米・タフツ大学で新たに作製された細胞により、培養肉の生産コストが大幅に低下する可能性

米国・タフツ大学の研究者グループが最新の研究成果を発表。ウシの筋細胞に成長因子を自ら生成させることで、生産プロセスで添加されていた高価な原料を排除し、培養肉の生産コストを大幅に低下させられる可能性があります。

高価な成長因子の添加が不要に


研究を実施しているのは、工学部教授を務める細胞農業の専門家David Kaplanが率いるタフツ大学細胞農業センター(TUCCA)

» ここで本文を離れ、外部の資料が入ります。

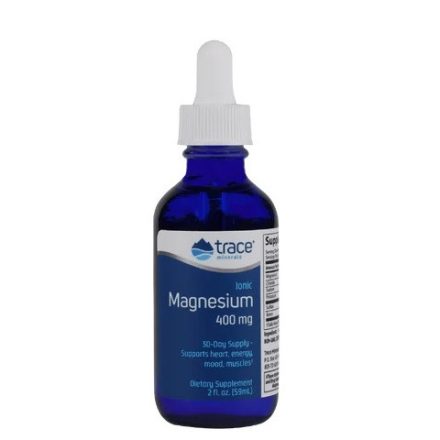 Trace Minerals Folyékony Ionos Magnézium 400mg, (59ml)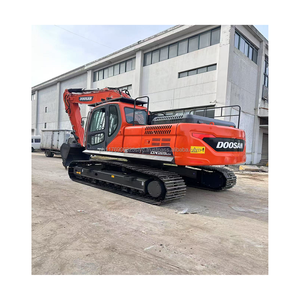 Excavadora de orugas usada a la venta de segunda mano DOOSAN DX225LC excavadora usada DX55 DX75 DX225 DX300 excavadora - Product Image 2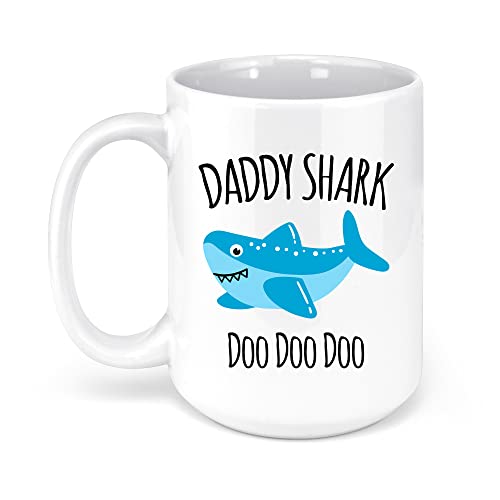 Daddy Shark Mug - Perfect Dad Gift
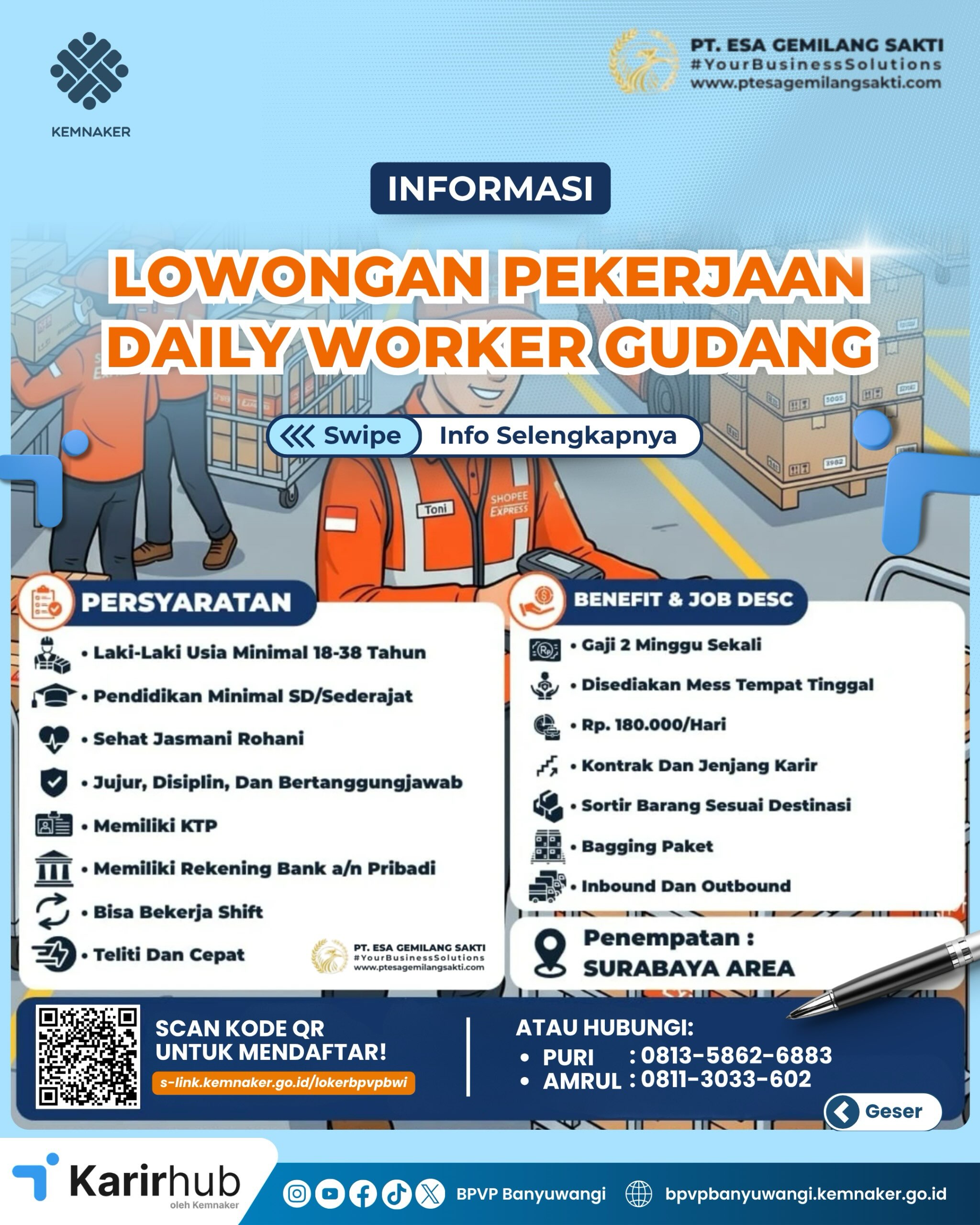 PT. Esa Gemilang Sakti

Cell Reports Sustainability』誌に掲載された本研究では、研究者らがウシの筋幹細胞に遺伝子操作を施して、骨格筋細胞(ステーキやハンバーグを構成する細胞)の成長を誘発する線維芽細胞増殖因子(FGF)を自ら産生するよう改変しました。

成長因子は、細胞表面の受容体に結合し、細胞が成長してさまざまな種類の成熟細胞へと分化するようシグナルを送る役割を担う物質です。

これまで成長因子は、細胞に栄養を供給する培地(培養液)に都度添加する必要がありました。組み換えタンパク質から生産され、サプライヤーから調達される高価な成長因子は、培養肉の生産コストの大きな割合(最大90%以上とも)を占めています。

培地中の成長因子は長持ちしないため、数日ごとに補充しなければならず、消費者に手頃な価格の培養肉製品を提供することには限界がありました。しかし、培地から成長因子を除去することができれば、大幅なコスト削減につながります。

産業化に向けさらなる最適化を目指す


主任研究員を務めたAndrew Stoutは、現在タフツ大学細胞農業商業化ラボ(TUCAC)で複数の研究プロジェクトを率いており、大学でなされた技術革新を商業規模に展開させることを目指しています。

Stoutによると、「培地コストは大幅に下げられたが、産業化に向けてはさらなる最適化が必要」とのこと。「遺伝子組み換えを施した細胞は成長スピードが遅いことが分かったが、その問題も克服できると思う」と述べています。

考えられる戦略としては、細胞内のFGFの発現量やタイミングを調整したり、ほかの細胞成長経路を変えたりすることが挙げられ、「外来の遺伝子を細胞に注入する方法では規制面でより厳しくなるため、本来の遺伝子を編集して発現させ、食肉となる筋細胞の成長を改善できるかどうかを確認する」としています。

さまざまな動物種の培養に有効


また、この戦略は牛肉の培養に限らず、鶏肉、豚肉、魚などにおいても有効。筋細胞をはじめ多くの種類の細胞は、通常FGFに依存して成長するといい、動物種によって発現させるべき成長因子が異なる可能性はあるものの、技術としては応用が可能とみています。

タフツ大学は昨年秋、細胞農業の副専攻プログラムを新設。同分野で実際に学位を取得できる唯一の例となっており、次世代の研究者育成に期待がかかります。

TUCCAを率いるDavid Kaplanは、世界各地で進行する研究の成果として「コストや入手可能性は限られているものの、培養肉は米国などですでに食用としての利用が認められてきている。数年後には、スーパーマーケットで手頃な価格の培養肉が手に入るようになるだろう」と語っています。